Mata Lebam, Gustina Sagala Kabur Dilempari Suami Pakai Kelapa di Lae Itam Dairi
Mata Lebam, Gustina Sagala Kabur Dilempari Suami Pakai Kelapa di Lae Itam Dairi (Analisadaily/Istimewa)

Analisadaily.com, Sidikalang - Gustina Sagala (49) penduduk Dusun Pahlawan Desa Lae Itam, Kecamatan Siempat Nempu Hilir, Kabupaten Dairi, menjadi korban kekerasan dalam rumah tangga (KDRT), Jumat (31/7) malam.

Hal itu disampaikan Pangihutan Sagala (49), famili korban, Minggu (2/8). Tindakan keji diduga dilakukan suami berinisial PS (48).

Selain dipukul berulang-ulang pakai tangan, korban juga dilempari pakai buah kelapa matang hingga menyasar tubuh dan organ kepala.

“Korban dilempari pakai buah kelapa matang hingga menyasar badan dan kepala. Makanya organ kepala sampai bengkak, mata juga membiru. Memar. Padahal, buah itu seyogianya hendak dijual,” kata Pangihutan.

Pangihutan mengungkap, perlakuan kasar itu bermula dari urusan makan. Siang itu, PS pergi ke pesta, sedangkan Gusti tidak ikut lantaran badan kurang sehat.

Malam hari, PS pulang dan minta disajikan makanan. Kala itu, PS bersungut. Sebab, menu ikan serupa dengan siang hari. Suami minta ikan dimasak. Namun, Gusti tidak mengakomodir.

“Badan saya kurang sehat, bagaimana mau masak?” ujar Gusti sebagaimana ditirukan Pardamean.

Atas respons itu, PS mengamuk. Ayunan tangan dilepas mendarat ke tubuh Gusti. Ibu rumah tangga ini takut hingga ia lari ke halaman rumah.

Tidak berhenti sampai di sana. PS melampiaskan emosi. Dia mengambil beberapa buah kelapa lalu melempar ke istri.

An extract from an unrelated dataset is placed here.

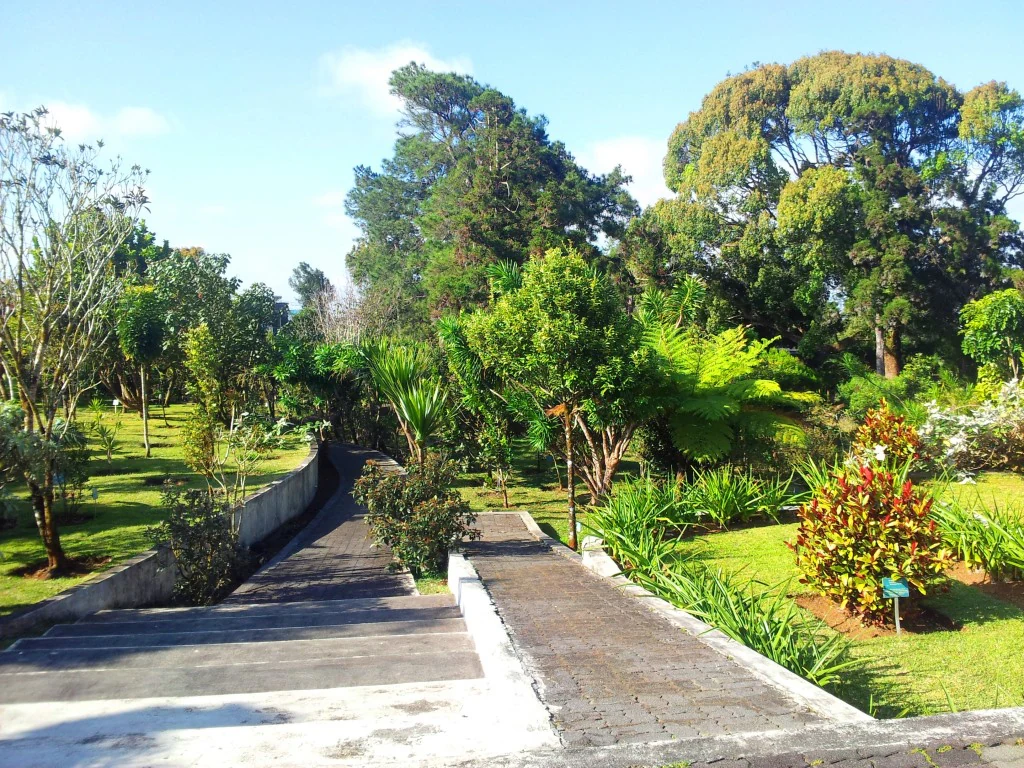 A wide stone staircase and walkway descending into a lush green forest park with a variety of tropical trees, shrubs, and ferns.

Korban sempat terkapar menahan sakit. Kepala rumah tangga itu masuk ke rumah dan mengambil pisau. Dia hendak menghabisi Gusti.

Melihat perlakuan mengerikan, kata Pardamean, Gustri berusaha kabur lewat belakang rumah. Dia menemui tetangga marga Simarmata. Korban dibawa naik sepeda motor ke rumah Kepala Desa, Pargaulan Simbolon.

Melihat kondisi luka, Gusti disarankan melapor ke Polsek Bunturaja. Apalagi, kata Pardamean, kekerasan sedemikian sudah sering dialami korban.

“Korban sudah sering disiksa. Hanya saja, kami damaikan,” kata Pardamean.

Diungkapkan, pasangan suami istri ini masing-masing menikah untuk kedua kalinya tahun 2006. Gusti cerai dari suami pertama, marga Sirait. Sedangkan PS sebelumnya mempersunting boru Sinaga.

PS membawa 2 anak sedang Gusti memiliki 1 anak. Pernikahan kedua belum dikarunai si buah hati.

“Sejak anak-anak, Gusti mengasuh 2 anak PS yang kini berumur 20 tahun. Tapi, begitulah penderitaan diterima,” kata Pardamean.

Pardamean mengungkap, PS kerap mabuk. Kalau boleh disebut, dia dewa mabuk. “Dewa mabuknya lae ini,” kata Pardamean.

Kepala UPT Perlindungan Anak dan Perempuan Dinas Pemberdayaan Perempuan dan Perlindungan Anak, Eva Napitupulu membenarkan peristiwa. Korban dibawa ke Samosir oleh keluarga untuk pengobatan.

“Korban mengalami memar nyata di mata,” kata Eva.